For different reasons, we had asymmetric routing in SITE-A. The normal flow is the green arrow. During the asymmetric routing, the flow is the red line. Routing wise, things should work. BUT, we have firewalls in the path. The firewalls were configured to allow asymmetric connections (I was told). As far as I could see in the config and logs, nothing was dropped in the firewalls during the issue.

So first thing, I fixed the asymmetric routing so it didnt happen again. I took me a while to come up with the solution (and it was quite simple) as I had to understand properly the routing before and during the issue.
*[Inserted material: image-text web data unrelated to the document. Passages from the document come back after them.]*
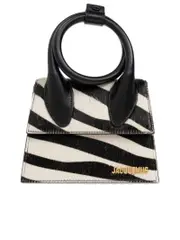 Jacquemus Le Chiquito Noeud Zebra Print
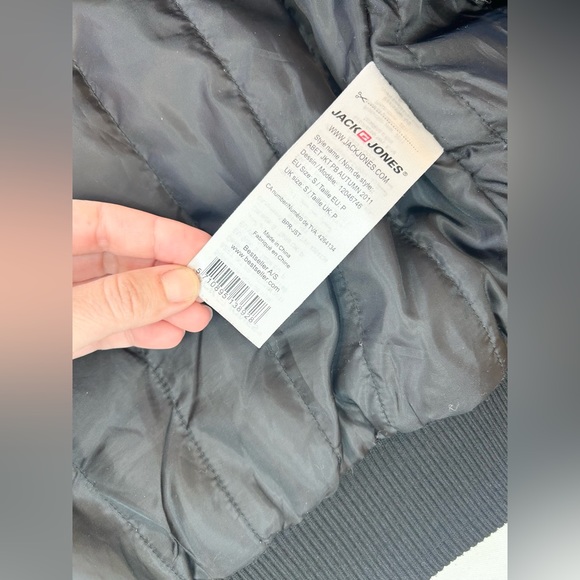 Jack & Jones Mens Cargo Bomber Jacket Full Zip Lightly Quilted - Picture 8 of 12
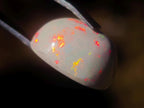 Polished Precious Welo White Hydrophane Opal Cabochon x 1 From Welo, Ethiopia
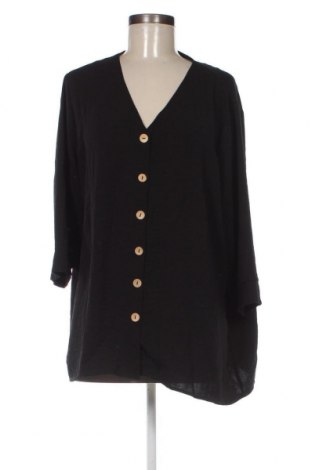 Γυναικείο πουκάμισο Ladies, Μέγεθος XL, Χρώμα Μαύρο, Τιμή 13,14 €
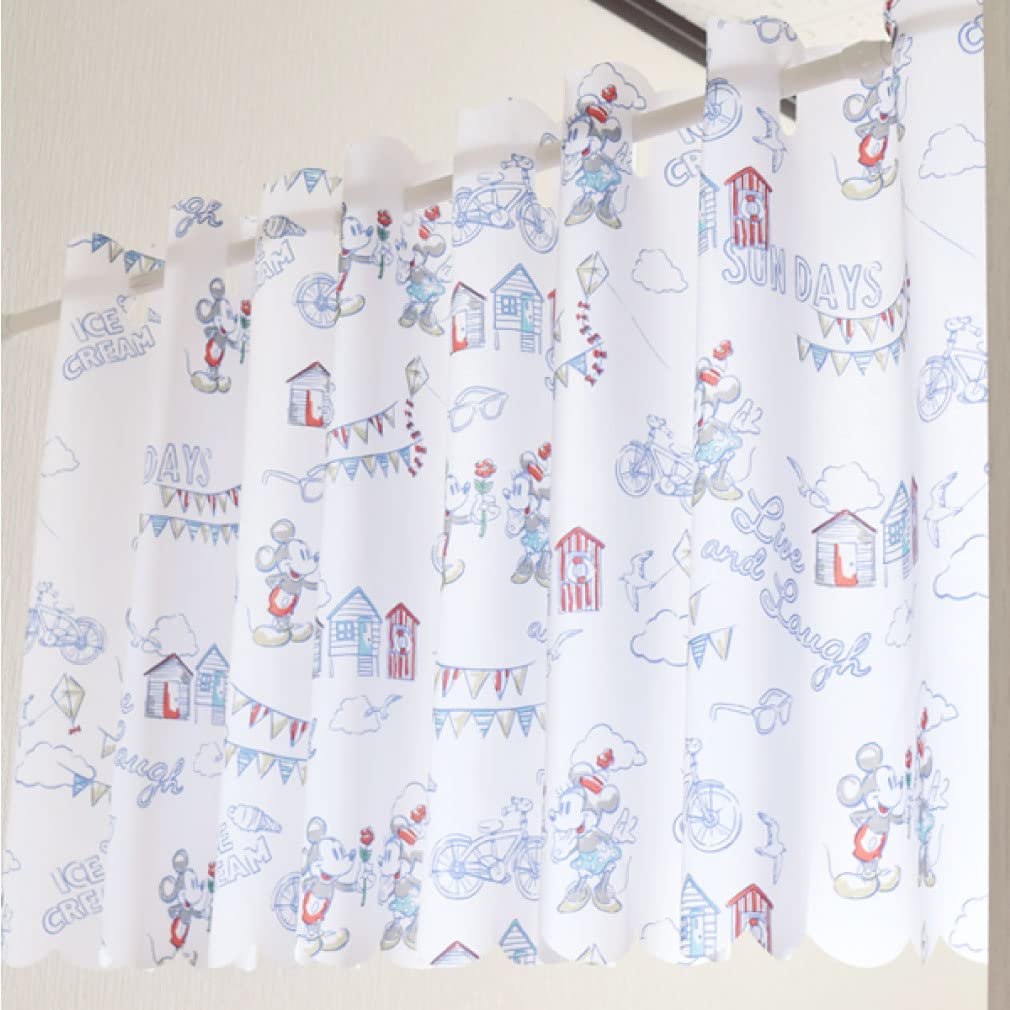 デラックスカフェカーテン ミッキー ミニー ディズニー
The diagram is quite simplified at the end of the day.

So during the maintenance window when I applied the fix for the asymmetric routing, I managed to take some traces in the firewalls, as I was trying to understand where the traffic was dropped/lost during the asymmetric scenario. As well, I was not very familiar with several parts of the network and the monitoring, I didnt know which links where already tapped or not. Once I was happy with the routing fix, I tried to take a look at the traces. At high level, I could see the return traffic leaving FW1 and leaving DC1-SW1. Based on that, I started to think that the firewalls were fine…..
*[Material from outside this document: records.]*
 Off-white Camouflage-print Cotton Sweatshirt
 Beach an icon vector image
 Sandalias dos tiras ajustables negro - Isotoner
In another maintenance, I tried to take more logs in different part of the network and I could see clearly the traffic reaching A-SW1. As I ran of time and missed to tap some links, I couldnt carry on.

So based on the second maintenance, the issue had to be inside SITE-A. Somehow it didnt make sense. I checked I didnt have uRPF enabled. The rest was pure L2 so it couldnt see the L3…

So in the third maintenance, I got all my debugging tools to verify that any network kit was dropping the traffic in SITE-A…. and it was useless. I realized that I could do a tcpdump in the client IP1 i was using for testing and I could see some return traffic!!!!

So, I was just socked. I didnt get it. It didnt make sense.

Somehow, I reviewed the tcp captures I was doing in each interface of both firewalls. I was trying to get to basics.

I was assuming the TCP handshake was completed properly. After paying a bit of attention to the client logs… I could see the TCP handshake completed. And I could see the HTTP GET getting to and leaving DC2-FW…. so why the server IP2 was not answering!!!!???

So back to the tcp handshake and firewall captures, I was comparing step by step. Somehow, I missed that the TCP ACK from client IP2 was reaching DC2-FW…. but it was not leaving DC2-FW!!!! even worse, the HTTP GET it was actually crossing the DC2-FW !!!

SLAP IN THE FACE!!!

This is the TCP handshake. This is networking 101…..

The TCP state-machine in client and server during the asymmetric scenario

So I was asumming that because the client was sending HTTP get, the tcp handshake was completed in both ends!!!!

It didnt make sense why I was seeing TCP SYN-ACK retransmissions from the server IP1…. BECAUSE the TCP ACK from client IP2 never reached.

For that reason server IP2 never answered the HTTP GET, because from its end the tcp hanshake was not completed.

I banged my head several times on the table. I “saw” this during the first maintenance window when I took the tcpdump in the firewalls BUT I didnt pay attention to the basic details.

I trusted too much to see a wireshark trace because it is more visual and shows more info but the clues were all the time in the tcpdump from the firewalls that I didnt bother to pay full attention.

At least, I found out where and why the connections failed during the asymmetric routing scenario. A firewall upgrade did the job.

So all fixed.

Lessons learned:

  • without proper foundation, you can’t build knowledge (tcp handshake state in client and server)
  • when things dont make sense, get back to basics (tcp handshake)
  • get the most of the tools at hand (tcpdump – PSH packets were the HTTP GET !!!!)